(Beginning of DATA FOR PROCESSING)

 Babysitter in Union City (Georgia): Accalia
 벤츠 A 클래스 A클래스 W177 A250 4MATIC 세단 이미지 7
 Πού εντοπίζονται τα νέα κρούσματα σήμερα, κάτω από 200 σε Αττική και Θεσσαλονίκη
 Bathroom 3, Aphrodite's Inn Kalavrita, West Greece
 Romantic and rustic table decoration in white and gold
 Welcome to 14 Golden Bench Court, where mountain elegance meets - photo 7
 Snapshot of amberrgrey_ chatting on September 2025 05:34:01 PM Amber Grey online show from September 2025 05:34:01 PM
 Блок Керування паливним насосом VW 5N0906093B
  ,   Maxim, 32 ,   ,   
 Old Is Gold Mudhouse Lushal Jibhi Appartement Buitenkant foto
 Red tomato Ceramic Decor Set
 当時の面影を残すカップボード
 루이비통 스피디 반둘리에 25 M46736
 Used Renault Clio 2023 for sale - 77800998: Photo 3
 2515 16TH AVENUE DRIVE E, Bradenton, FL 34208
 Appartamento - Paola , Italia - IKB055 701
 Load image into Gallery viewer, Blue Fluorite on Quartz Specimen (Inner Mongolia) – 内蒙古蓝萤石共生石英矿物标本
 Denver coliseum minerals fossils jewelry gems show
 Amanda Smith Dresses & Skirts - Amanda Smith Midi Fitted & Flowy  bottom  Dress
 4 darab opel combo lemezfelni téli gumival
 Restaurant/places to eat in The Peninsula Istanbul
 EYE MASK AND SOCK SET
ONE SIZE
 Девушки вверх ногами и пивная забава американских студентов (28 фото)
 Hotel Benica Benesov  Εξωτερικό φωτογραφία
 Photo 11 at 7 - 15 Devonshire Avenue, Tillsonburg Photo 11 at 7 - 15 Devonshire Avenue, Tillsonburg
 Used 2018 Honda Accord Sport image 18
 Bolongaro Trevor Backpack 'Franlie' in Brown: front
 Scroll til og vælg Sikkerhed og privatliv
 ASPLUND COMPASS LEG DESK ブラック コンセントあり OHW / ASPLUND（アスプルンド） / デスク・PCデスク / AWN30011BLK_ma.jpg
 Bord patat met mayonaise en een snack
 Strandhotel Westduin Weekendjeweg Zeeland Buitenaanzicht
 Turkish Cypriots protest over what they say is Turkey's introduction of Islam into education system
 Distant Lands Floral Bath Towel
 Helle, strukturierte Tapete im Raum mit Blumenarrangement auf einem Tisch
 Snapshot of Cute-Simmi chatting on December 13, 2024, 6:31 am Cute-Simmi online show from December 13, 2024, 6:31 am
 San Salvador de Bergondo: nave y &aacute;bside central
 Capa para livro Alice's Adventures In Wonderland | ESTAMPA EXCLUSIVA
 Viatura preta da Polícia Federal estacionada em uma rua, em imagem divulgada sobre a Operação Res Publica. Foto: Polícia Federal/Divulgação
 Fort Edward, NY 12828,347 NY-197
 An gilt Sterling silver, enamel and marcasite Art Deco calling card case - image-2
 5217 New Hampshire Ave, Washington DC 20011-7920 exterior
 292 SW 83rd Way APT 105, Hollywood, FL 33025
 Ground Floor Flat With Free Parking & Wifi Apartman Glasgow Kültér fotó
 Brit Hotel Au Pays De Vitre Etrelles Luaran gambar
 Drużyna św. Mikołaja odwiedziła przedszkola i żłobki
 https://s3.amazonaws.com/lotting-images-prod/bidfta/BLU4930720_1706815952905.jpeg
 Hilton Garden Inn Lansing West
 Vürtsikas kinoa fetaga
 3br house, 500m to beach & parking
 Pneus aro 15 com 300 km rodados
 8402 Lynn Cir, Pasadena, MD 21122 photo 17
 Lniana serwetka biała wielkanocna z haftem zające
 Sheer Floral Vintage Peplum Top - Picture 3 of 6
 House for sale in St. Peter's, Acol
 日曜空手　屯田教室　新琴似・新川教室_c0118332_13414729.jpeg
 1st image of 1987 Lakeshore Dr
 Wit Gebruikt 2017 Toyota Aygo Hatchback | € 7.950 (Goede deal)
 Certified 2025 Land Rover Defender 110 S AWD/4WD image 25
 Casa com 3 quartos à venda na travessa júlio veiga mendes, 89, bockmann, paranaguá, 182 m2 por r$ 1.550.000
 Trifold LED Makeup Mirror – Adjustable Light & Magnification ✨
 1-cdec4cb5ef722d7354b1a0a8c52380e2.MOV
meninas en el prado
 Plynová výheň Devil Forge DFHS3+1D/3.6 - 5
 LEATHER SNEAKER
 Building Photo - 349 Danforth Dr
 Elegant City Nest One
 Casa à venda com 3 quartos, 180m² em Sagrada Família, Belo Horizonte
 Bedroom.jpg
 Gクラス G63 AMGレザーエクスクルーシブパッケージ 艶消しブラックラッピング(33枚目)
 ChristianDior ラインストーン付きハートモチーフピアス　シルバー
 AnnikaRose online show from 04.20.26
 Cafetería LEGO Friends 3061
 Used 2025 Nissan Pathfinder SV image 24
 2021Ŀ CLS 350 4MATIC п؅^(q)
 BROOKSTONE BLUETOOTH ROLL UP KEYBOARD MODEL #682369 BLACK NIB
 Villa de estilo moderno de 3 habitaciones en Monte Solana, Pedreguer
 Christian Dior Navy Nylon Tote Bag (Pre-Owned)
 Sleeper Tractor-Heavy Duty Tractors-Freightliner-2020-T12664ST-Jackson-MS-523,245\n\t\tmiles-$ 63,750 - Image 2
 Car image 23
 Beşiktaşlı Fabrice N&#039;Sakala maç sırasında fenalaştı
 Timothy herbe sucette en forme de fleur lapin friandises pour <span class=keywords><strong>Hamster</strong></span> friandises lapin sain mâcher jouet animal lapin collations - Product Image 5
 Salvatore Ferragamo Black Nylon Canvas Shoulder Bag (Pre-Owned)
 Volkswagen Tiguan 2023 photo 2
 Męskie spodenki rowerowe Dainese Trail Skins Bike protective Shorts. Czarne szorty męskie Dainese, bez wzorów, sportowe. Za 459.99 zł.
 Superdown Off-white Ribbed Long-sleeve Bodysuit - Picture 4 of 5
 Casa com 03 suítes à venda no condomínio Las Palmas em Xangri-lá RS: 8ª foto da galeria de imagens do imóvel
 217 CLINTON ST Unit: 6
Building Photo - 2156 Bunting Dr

(End of DATA FOR PROCESSING)

Only an exact copy of all the data will do as the answer.

TASK RESPONSE ->
 Babysitter in Union City (Georgia): Accalia
 벤츠 A 클래스 A클래스 W177 A250 4MATIC 세단 이미지 7
 Πού εντοπίζονται τα νέα κρούσματα σήμερα, κάτω από 200 σε Αττική και Θεσσαλονίκη
 Bathroom 3, Aphrodite's Inn Kalavrita, West Greece
 Romantic and rustic table decoration in white and gold
 Welcome to 14 Golden Bench Court, where mountain elegance meets - photo 7
 Snapshot of amberrgrey_ chatting on September 2025 05:34:01 PM Amber Grey online show from September 2025 05:34:01 PM
 Блок Керування паливним насосом VW 5N0906093B
  ,   Maxim, 32 ,   ,   
 Old Is Gold Mudhouse Lushal Jibhi Appartement Buitenkant foto
 Red tomato Ceramic Decor Set
 当時の面影を残すカップボード
 루이비통 스피디 반둘리에 25 M46736
 Used Renault Clio 2023 for sale - 77800998: Photo 3
 2515 16TH AVENUE DRIVE E, Bradenton, FL 34208
 Appartamento - Paola , Italia - IKB055 701
 Load image into Gallery viewer, Blue Fluorite on Quartz Specimen (Inner Mongolia) – 内蒙古蓝萤石共生石英矿物标本
 Denver coliseum minerals fossils jewelry gems show
 Amanda Smith Dresses & Skirts - Amanda Smith Midi Fitted & Flowy  bottom  Dress
 4 darab opel combo lemezfelni téli gumival
 Restaurant/places to eat in The Peninsula Istanbul
 EYE MASK AND SOCK SET
ONE SIZE
 Девушки вверх ногами и пивная забава американских студентов (28 фото)
 Hotel Benica Benesov  Εξωτερικό φωτογραφία
 Photo 11 at 7 - 15 Devonshire Avenue, Tillsonburg Photo 11 at 7 - 15 Devonshire Avenue, Tillsonburg
 Used 2018 Honda Accord Sport image 18
 Bolongaro Trevor Backpack 'Franlie' in Brown: front
 Scroll til og vælg Sikkerhed og privatliv
 ASPLUND COMPASS LEG DESK ブラック コンセントあり OHW / ASPLUND（アスプルンド） / デスク・PCデスク / AWN30011BLK_ma.jpg
 Bord patat met mayonaise en een snack
 Strandhotel Westduin Weekendjeweg Zeeland Buitenaanzicht
 Turkish Cypriots protest over what they say is Turkey's introduction of Islam into education system
 Distant Lands Floral Bath Towel
 Helle, strukturierte Tapete im Raum mit Blumenarrangement auf einem Tisch
 Snapshot of Cute-Simmi chatting on December 13, 2024, 6:31 am Cute-Simmi online show from December 13, 2024, 6:31 am
 San Salvador de Bergondo: nave y &aacute;bside central
 Capa para livro Alice's Adventures In Wonderland | ESTAMPA EXCLUSIVA
 Viatura preta da Polícia Federal estacionada em uma rua, em imagem divulgada sobre a Operação Res Publica. Foto: Polícia Federal/Divulgação
 Fort Edward, NY 12828,347 NY-197
 An gilt Sterling silver, enamel and marcasite Art Deco calling card case - image-2
 5217 New Hampshire Ave, Washington DC 20011-7920 exterior
 292 SW 83rd Way APT 105, Hollywood, FL 33025
 Ground Floor Flat With Free Parking & Wifi Apartman Glasgow Kültér fotó
 Brit Hotel Au Pays De Vitre Etrelles Luaran gambar
 Drużyna św. Mikołaja odwiedziła przedszkola i żłobki
 https://s3.amazonaws.com/lotting-images-prod/bidfta/BLU4930720_1706815952905.jpeg
 Hilton Garden Inn Lansing West
 Vürtsikas kinoa fetaga
 3br house, 500m to beach & parking
 Pneus aro 15 com 300 km rodados
 8402 Lynn Cir, Pasadena, MD 21122 photo 17
 Lniana serwetka biała wielkanocna z haftem zające
 Sheer Floral Vintage Peplum Top - Picture 3 of 6
 House for sale in St. Peter's, Acol
 日曜空手　屯田教室　新琴似・新川教室_c0118332_13414729.jpeg
 1st image of 1987 Lakeshore Dr
 Wit Gebruikt 2017 Toyota Aygo Hatchback | € 7.950 (Goede deal)
 Certified 2025 Land Rover Defender 110 S AWD/4WD image 25
 Casa com 3 quartos à venda na travessa júlio veiga mendes, 89, bockmann, paranaguá, 182 m2 por r$ 1.550.000
 Trifold LED Makeup Mirror – Adjustable Light & Magnification ✨
 1-cdec4cb5ef722d7354b1a0a8c52380e2.MOV
meninas en el prado
 Plynová výheň Devil Forge DFHS3+1D/3.6 - 5
 LEATHER SNEAKER
 Building Photo - 349 Danforth Dr
 Elegant City Nest One
 Casa à venda com 3 quartos, 180m² em Sagrada Família, Belo Horizonte
 Bedroom.jpg
 Gクラス G63 AMGレザーエクスクルーシブパッケージ 艶消しブラックラッピング(33枚目)
 ChristianDior ラインストーン付きハートモチーフピアス　シルバー
 AnnikaRose online show from 04.20.26
 Cafetería LEGO Friends 3061
 Used 2025 Nissan Pathfinder SV image 24
 2021Ŀ CLS 350 4MATIC п؅^(q)
 BROOKSTONE BLUETOOTH ROLL UP KEYBOARD MODEL #682369 BLACK NIB
 Villa de estilo moderno de 3 habitaciones en Monte Solana, Pedreguer
 Christian Dior Navy Nylon Tote Bag (Pre-Owned)
 Sleeper Tractor-Heavy Duty Tractors-Freightliner-2020-T12664ST-Jackson-MS-523,245\n\t\tmiles-$ 63,750 - Image 2
 Car image 23
 Beşiktaşlı Fabrice N&#039;Sakala maç sırasında fenalaştı
 Timothy herbe sucette en forme de fleur lapin friandises pour <span class=keywords><strong>Hamster</strong></span> friandises lapin sain mâcher jouet animal lapin collations - Product Image 5
 Salvatore Ferragamo Black Nylon Canvas Shoulder Bag (Pre-Owned)
 Volkswagen Tiguan 2023 photo 2
 Męskie spodenki rowerowe Dainese Trail Skins Bike protective Shorts. Czarne szorty męskie Dainese, bez wzorów, sportowe. Za 459.99 zł.
 Superdown Off-white Ribbed Long-sleeve Bodysuit - Picture 4 of 5
 Casa com 03 suítes à venda no condomínio Las Palmas em Xangri-lá RS: 8ª foto da galeria de imagens do imóvel
 217 CLINTON ST Unit: 6
Building Photo - 2156 Bunting Dr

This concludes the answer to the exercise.